This section describes how to view the monitoring details of a single cluster.

Prerequisites

  • You need to have the platform-admin role on the KubeSphere platform. For more information, refer to Users and Platform Roles.

  • The host cluster and the member clusters to be monitored need to have WizTelemetry Global Monitoring enabled.

    Note

    If a member cluster does not have WizTelemetry Global Monitoring enabled, WizTelemetry Global Monitoring will not be able to retrieve data from that member cluster.

Steps

  1. Log in to the KubeSphere web console with a user who has the platform-admin role.

  2. In the upper right corner of the page, click the grid icon and select WizTelemetry Observability Platform.

  3. Click Global Monitoring > Clusters in the left navigation pane.

  4. In the cluster list, click the name of a cluster to open its details page.

  5. In the top area of the details page, view the basic information of the current cluster.

    • Click Manage Cluster to go to the management page of the current cluster.

    • Click chevron-down to hide this area.

  6. Under the Overview tab of the details page, view the overview information of the cluster.

    Area Description

    Resource Statistics

    The number and status of nodes in the current cluster, and the number of created workspaces, projects, Deployments, StatefulSets, DaemonSets, Jobs, Services, and pods.

    Real-time Resource Usage

    The real-time usage and total amount of CPU, memory, and disk for all nodes in the current cluster.

    Click the corresponding area to view the real-time usage percentage of that resource.

    Cluster Quota Statistics

    The CPU and memory quotas for containers and projects in the current cluster, including reserved amount, limit amount, and total amount.

    Cluster Alerts

    The number of alerts generated by global alert rule groups in the current cluster. Alerts displayed here do not include those generated by cluster and project alert rule groups. Global alert rule groups are managed by platform administrators in Global Alerting.

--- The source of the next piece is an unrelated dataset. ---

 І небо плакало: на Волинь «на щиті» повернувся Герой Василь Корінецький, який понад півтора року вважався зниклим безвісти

    Alert severity types include Info, Warning, Important, and Critical.

    Alert status types include:

    • Verifying: The monitoring metrics meet the preset conditions but have not yet satisfied the preset duration.

    • Triggered: The monitoring metrics meet the preset conditions and have satisfied the preset duration.

    Pods

    The number of various types of pods in the current cluster.

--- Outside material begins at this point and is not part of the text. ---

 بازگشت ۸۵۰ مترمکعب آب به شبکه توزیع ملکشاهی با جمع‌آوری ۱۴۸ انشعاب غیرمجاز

    Pod status types include:

    • Pending: The pod has been accepted by the system, but at least one container has not been created or is not running. In this state, the pod may be waiting to be scheduled or waiting for the container image to be downloaded.

    • Running: The pod has been assigned to a node, all containers in the pod have been created, and at least one container is running, starting, or restarting.

    • Succeeded: All containers in the pod have terminated successfully (terminated with exit code 0) and will not be restarted.

    • Failed: All containers in the pod have terminated, and at least one container terminated with a non-zero exit code.

    • Unknown: The system is unable to retrieve the pod’s status. This state typically occurs due to communication failure between the system and the host where the pod is located.

    Pod QoS (Quality of Service) types include:

    • Guaranteed: Every container in the pod has memory limits, memory requests, CPU limits, and CPU requests set, and the memory limit equals the memory request, and the CPU limit equals the CPU request.

    • Burstable: At least one container in the pod does not meet the requirements for the Guaranteed type.

    • BestEffort: The containers in the pod are not configured with any memory limits, memory requests, CPU limits, or CPU requests.

    The QoS type of a pod determines its runtime priority. When system resources are insufficient to run all pods, the system prioritizes ensuring the operation of pods with a QoS type of Guaranteed, followed by pods with a QoS type of Burstable, and lastly, pods with a QoS type of BestEffort.

    Number of Pods Terminated and Restarted Due to OOM: The number of pods that were forcibly terminated and automatically restarted by the system due to insufficient memory (Out Of Memory).

    Number of Pending Pods: The number of pods that have been created but cannot start due to insufficient resources or scheduling issues.

    Number of Restarted Pods: The number of pods that have been automatically restarted due to failures or configuration changes.

  7. Click the Nodes, Workspaces, or Projects tab on the details page to view monitoring information for all nodes, workspaces, or projects in the cluster.

    • Click the drop-down list above the list to select the sort field and sort order.

    • Click the search box above the list and enter a keyword to search for objects by name.

    • Click refresh in the upper right corner of the list to refresh the list information.

    • Click cogwheel in the upper right corner of the list to customize the information displayed in the list.

  8. Click the Monitoring tab on the details page to view detailed information of monitoring metrics within a specified time range.

    • Click timed-task in the upper right corner to set the time range.

    • Click start/pause in the upper right corner to enable/disable real-time data refresh.

    • Click refresh in the upper right corner to refresh data manually.